• [DATASET EXTRACT]
···

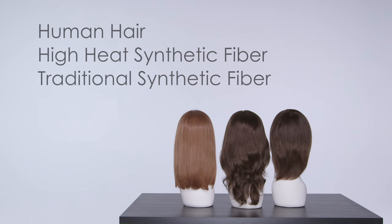John Renau offers an exclusive line of lace front wigs using fine welded lace. These collections feature human hair, high heat synthetic, and traditional synthetic fibers.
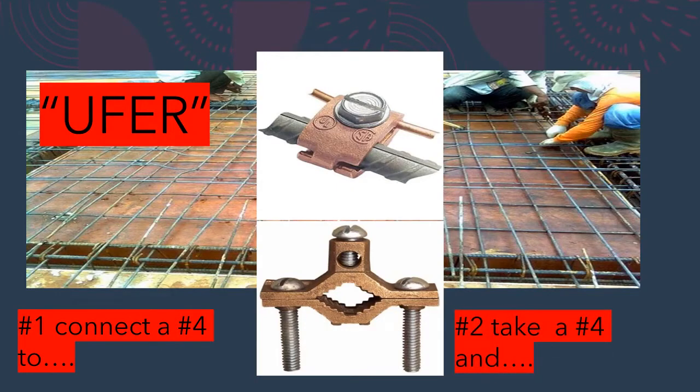The second way to satisfy the code is to make your own concrete encased electrode without connecting to the steel. Take 20 feet of bare number four copper and set it down where the concrete is going to be poured, maintaining two inches off the bottom and two inches from the top of the concrete. You can literally lay a roll of number four in the footing with two inches clearance, then stub the rest out — the 20 feet must be down in the concrete, plus additional wire to reach your first point of disconnect.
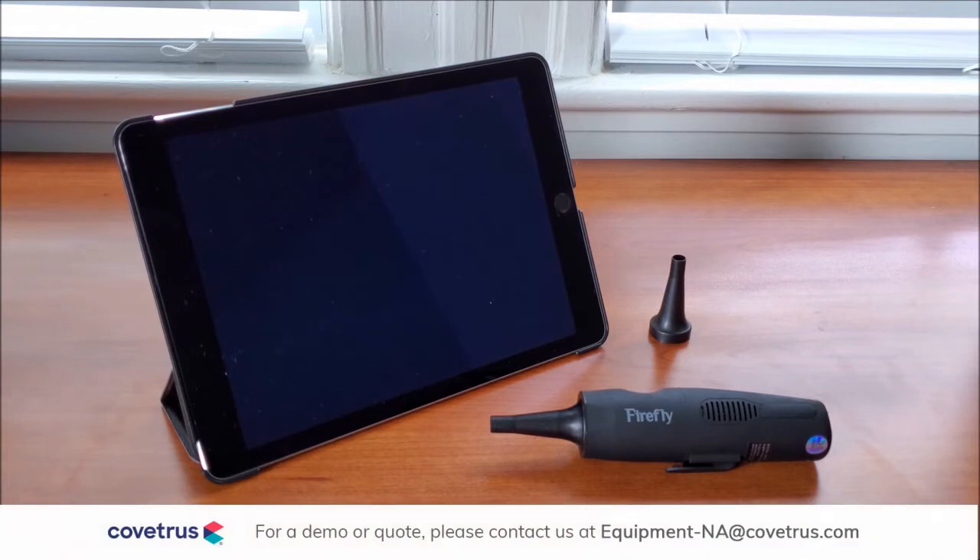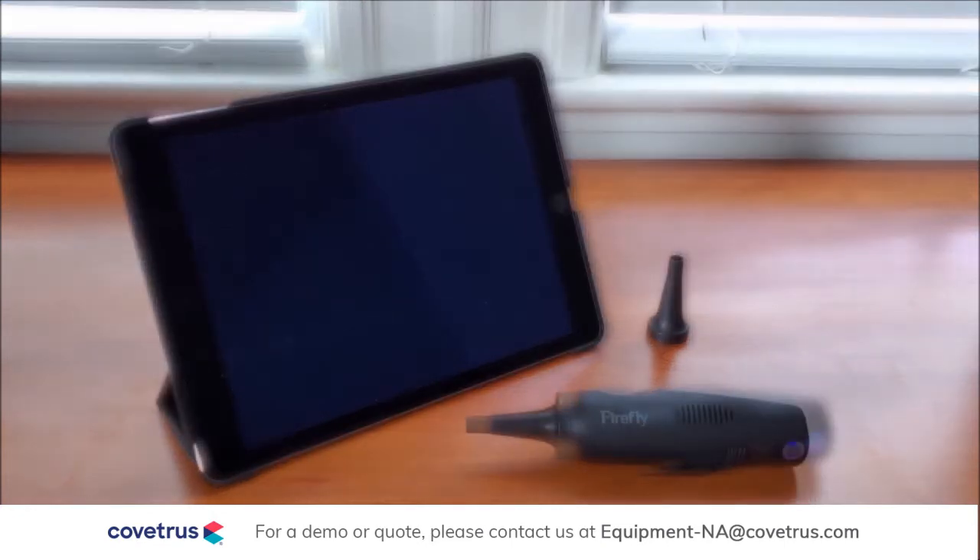In this video, we will be looking at the DE571 HD Wireless Veterinary Video Otoscope from Firefly and how it connects to your iPads, iPhones, and Android devices.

···

• [TASK] Skipping the images, write out the whole listing exactly.

• [RESPONSE TO THE EXERCISE]
John Renau offers an exclusive line of lace front wigs using fine welded lace. These collections feature human hair, high heat synthetic, and traditional synthetic fibers.
The second way to satisfy the code is to make your own concrete encased electrode without connecting to the steel. Take 20 feet of bare number four copper and set it down where the concrete is going to be poured, maintaining two inches off the bottom and two inches from the top of the concrete. You can literally lay a roll of number four in the footing with two inches clearance, then stub the rest out — the 20 feet must be down in the concrete, plus additional wire to reach your first point of disconnect.
In this video, we will be looking at the DE571 HD Wireless Veterinary Video Otoscope from Firefly and how it connects to your iPads, iPhones, and Android devices.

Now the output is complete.